Depuis la salle à manger, on accède au sud à deux espaces adossés: un salon
qui a investi l’espace en saillie sur cour, et plus à l’est une ancienne
cuisine. Toujours depuis la salle à manger, mais côté nord, une double porte
dévoile l’accès aux caves accessibles par une large échelle en bois
descendante tandis qu’à l’opposé, un escalier en bois montant dessert un
espace oblongue servant aujourd’hui de salle de bain et aménagé dans le
second corps de bâtiment oriental. Dans l’angle droit du vestibule, un
escalier en pierre de taille, tournant avec repos intermédiaire, dessert à
mi-hauteur et coté droit les chambres situées à l’étage, et à son sommet
celles situées à l’étage de la partie nord de la demeure.

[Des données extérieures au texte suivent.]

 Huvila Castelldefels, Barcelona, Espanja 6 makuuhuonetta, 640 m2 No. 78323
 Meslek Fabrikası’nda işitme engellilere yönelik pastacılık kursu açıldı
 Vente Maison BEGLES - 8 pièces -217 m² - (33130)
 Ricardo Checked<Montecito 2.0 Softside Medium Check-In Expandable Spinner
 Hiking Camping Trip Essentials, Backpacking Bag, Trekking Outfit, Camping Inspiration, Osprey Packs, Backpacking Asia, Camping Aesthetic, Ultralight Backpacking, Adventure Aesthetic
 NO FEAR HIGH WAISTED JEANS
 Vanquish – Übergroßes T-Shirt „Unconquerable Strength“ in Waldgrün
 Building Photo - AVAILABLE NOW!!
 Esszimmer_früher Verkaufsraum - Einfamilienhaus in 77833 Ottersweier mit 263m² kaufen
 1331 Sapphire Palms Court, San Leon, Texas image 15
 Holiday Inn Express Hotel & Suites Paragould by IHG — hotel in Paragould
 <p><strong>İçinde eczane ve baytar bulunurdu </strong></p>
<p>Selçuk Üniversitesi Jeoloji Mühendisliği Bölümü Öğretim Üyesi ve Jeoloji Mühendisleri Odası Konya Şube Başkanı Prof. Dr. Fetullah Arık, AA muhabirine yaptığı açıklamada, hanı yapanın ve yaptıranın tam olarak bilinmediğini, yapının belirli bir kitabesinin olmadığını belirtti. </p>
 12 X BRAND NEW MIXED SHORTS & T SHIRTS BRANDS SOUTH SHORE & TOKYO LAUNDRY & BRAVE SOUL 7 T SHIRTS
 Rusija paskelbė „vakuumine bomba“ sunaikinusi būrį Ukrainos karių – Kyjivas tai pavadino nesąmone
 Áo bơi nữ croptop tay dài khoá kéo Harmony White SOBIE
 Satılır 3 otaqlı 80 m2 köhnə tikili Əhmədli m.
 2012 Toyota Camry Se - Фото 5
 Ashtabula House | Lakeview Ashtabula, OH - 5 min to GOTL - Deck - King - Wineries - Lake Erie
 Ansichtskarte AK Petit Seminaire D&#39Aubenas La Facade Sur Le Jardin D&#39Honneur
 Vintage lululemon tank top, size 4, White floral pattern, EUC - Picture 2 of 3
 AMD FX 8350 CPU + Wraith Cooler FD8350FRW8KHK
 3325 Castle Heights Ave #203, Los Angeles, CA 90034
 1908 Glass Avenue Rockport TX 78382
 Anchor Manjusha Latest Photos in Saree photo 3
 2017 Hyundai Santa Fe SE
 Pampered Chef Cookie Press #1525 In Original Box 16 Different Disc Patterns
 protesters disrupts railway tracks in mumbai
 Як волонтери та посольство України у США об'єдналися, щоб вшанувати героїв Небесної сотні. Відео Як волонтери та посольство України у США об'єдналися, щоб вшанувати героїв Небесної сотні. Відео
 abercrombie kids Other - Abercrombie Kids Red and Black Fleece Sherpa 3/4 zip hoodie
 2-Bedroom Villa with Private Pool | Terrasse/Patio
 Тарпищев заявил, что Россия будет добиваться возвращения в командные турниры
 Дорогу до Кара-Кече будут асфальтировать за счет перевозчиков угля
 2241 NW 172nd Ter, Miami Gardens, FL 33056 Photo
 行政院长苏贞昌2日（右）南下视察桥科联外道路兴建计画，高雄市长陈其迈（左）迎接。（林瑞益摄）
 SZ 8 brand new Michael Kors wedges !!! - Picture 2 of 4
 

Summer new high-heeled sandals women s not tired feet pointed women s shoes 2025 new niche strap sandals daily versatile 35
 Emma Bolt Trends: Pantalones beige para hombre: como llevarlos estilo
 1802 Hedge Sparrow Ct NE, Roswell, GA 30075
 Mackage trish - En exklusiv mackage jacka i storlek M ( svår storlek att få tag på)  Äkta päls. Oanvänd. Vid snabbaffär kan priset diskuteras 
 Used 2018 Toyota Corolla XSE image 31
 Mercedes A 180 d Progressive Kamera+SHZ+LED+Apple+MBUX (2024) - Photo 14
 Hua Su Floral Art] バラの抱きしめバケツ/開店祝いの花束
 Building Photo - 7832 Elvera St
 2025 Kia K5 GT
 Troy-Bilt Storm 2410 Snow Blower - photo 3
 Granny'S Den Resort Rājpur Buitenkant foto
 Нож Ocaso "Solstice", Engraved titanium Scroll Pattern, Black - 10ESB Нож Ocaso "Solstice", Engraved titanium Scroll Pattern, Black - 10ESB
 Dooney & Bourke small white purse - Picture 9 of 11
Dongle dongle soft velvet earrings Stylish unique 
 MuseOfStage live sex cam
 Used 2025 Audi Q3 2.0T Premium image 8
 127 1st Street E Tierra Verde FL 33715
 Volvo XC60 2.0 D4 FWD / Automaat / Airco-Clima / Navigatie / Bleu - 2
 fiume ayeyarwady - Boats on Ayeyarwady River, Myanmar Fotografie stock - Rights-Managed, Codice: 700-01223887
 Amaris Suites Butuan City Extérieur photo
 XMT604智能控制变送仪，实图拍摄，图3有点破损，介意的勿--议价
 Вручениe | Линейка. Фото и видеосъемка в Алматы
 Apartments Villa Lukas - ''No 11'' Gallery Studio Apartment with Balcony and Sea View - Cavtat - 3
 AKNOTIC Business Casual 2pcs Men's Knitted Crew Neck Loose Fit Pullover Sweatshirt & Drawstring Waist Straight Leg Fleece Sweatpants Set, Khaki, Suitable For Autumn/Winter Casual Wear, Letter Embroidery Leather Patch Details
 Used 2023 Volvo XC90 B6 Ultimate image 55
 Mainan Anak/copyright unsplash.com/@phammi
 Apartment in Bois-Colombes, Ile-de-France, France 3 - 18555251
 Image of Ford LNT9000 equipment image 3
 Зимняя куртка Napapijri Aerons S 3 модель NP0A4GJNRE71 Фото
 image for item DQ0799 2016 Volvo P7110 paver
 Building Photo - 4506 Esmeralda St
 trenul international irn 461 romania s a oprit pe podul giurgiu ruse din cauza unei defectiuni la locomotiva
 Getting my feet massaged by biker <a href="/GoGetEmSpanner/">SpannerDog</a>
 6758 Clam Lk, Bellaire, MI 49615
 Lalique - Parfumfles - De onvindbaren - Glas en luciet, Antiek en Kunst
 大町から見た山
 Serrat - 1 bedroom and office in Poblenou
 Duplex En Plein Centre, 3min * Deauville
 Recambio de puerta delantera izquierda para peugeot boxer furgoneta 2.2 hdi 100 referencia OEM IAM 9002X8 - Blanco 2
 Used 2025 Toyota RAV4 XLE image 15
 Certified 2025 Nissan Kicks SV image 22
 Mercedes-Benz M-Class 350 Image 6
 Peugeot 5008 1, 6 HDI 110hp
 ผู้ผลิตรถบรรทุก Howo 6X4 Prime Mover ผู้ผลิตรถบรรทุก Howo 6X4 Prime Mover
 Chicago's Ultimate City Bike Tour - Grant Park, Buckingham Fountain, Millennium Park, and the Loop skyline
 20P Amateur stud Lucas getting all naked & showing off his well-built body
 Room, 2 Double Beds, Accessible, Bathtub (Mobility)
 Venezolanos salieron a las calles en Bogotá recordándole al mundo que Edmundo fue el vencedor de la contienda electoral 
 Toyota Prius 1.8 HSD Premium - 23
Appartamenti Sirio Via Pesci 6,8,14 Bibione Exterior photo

Le vestibule distribue également, percée dans son mur du fond, une porte
aménagée entre les deux corps de bâtiments de la demeure, placée sous
l’escalier, qui ouvre sur une étroite cave voûtée en berceau, parallèle à la
salle de bain précédente. Cette cave à vin possède un étroit soupirail dans
son mur est. L’étage de comble, accessible par l’escalier droit en bois
situé dans l’espace avec salle de bain, dessert au sud deux chambres situées
dans la partie en saillie sur cour, au centre le grand espace correspondant
à la superficie cumulée de la salle à manger, des réduits et du vestibule du
rez-de-chaussée, et au nord, un massif surélevé correspondant aux deux
dernières pièces situées au nord du bâtiment (le salon et la cuisine). Le
salon comporte une cheminée en marbre veiné noir, au linteau chantourné et
adossée à un trumeau orné en partie haute d’un décor en stuc : un cadre
mouluré, autour duquel s’enroulent des fleurs, fermé en partie inférieure
par un nœud et coiffé d’un motif de cuir découpé. Aux extrémités opposées
aux deux fenêtres éclairant la pièce, deux placards latéraux sont fermés par
des portes à décor de cartouches rectangulaires et chantourné. Une imposte
en bois, situé au-dessus des portes reprend le thème décoratif du trumeau
mais avec seulement la présence de fleurs et tiges feuillues. La cave
oblongue située dans le prolongement du vestibule est voûtée en arc
segmentaire. Un étroit soupirail ouvre sur le mur sud extérieur.
Les communs sont positionnés au nord de la demeure et ont une forme
trapézoïdale. Le bâtiment est partitionné en quatre avec, d’ouest en est un
espace de stockage fermé à l’est par une porte, une étable accessible depuis
une porte double en arc plein-cintre, une autre étable puis une grange -
cuvier qui abrite un pressoir. Adossés au mur pignon est se trouvent une
soue à cochon combinée avec un poulailler, et un bassin - lavoir en ciment
au toit en appentis couvert de tôle contre le mur de clôture. Sur l’angle
sud-est de la grange, un piédroit en pierre de taille avec gonds pointe
l’existence d’un ancien portail d’une ancienne clôture de la parcelle. La
grange étant plus haute que le reste des communs, les toitures à longs pans
et couvertes d’ardoises ne sont pas au même niveau. Deux lucarnes sont
aménagées dans les deux toitures. L’ancien pigeonnier est un bâtiment
rectangulaire de 297 cm en largeur et de 332 cm en profondeur situé dans
l’angle sud-ouest de la cour fermée. Construit en moellon de calcaire enduit
à pierre vue, il possède une toiture à longs pans dissymétrique couverte en
ardoise ; le pan orienté à l’est est plus court que le second. Accessible
par une simple porte aménagée dans le mur gouttereau est, le rez-de-chaussée
comporte un espace de stockage. Au-dessus du linteau, une planche d’envol et
une tablette en pierre aménagée de trous permettaient aux pigeons d’aller et
venir dans la partie supérieure de l’édifice. (1)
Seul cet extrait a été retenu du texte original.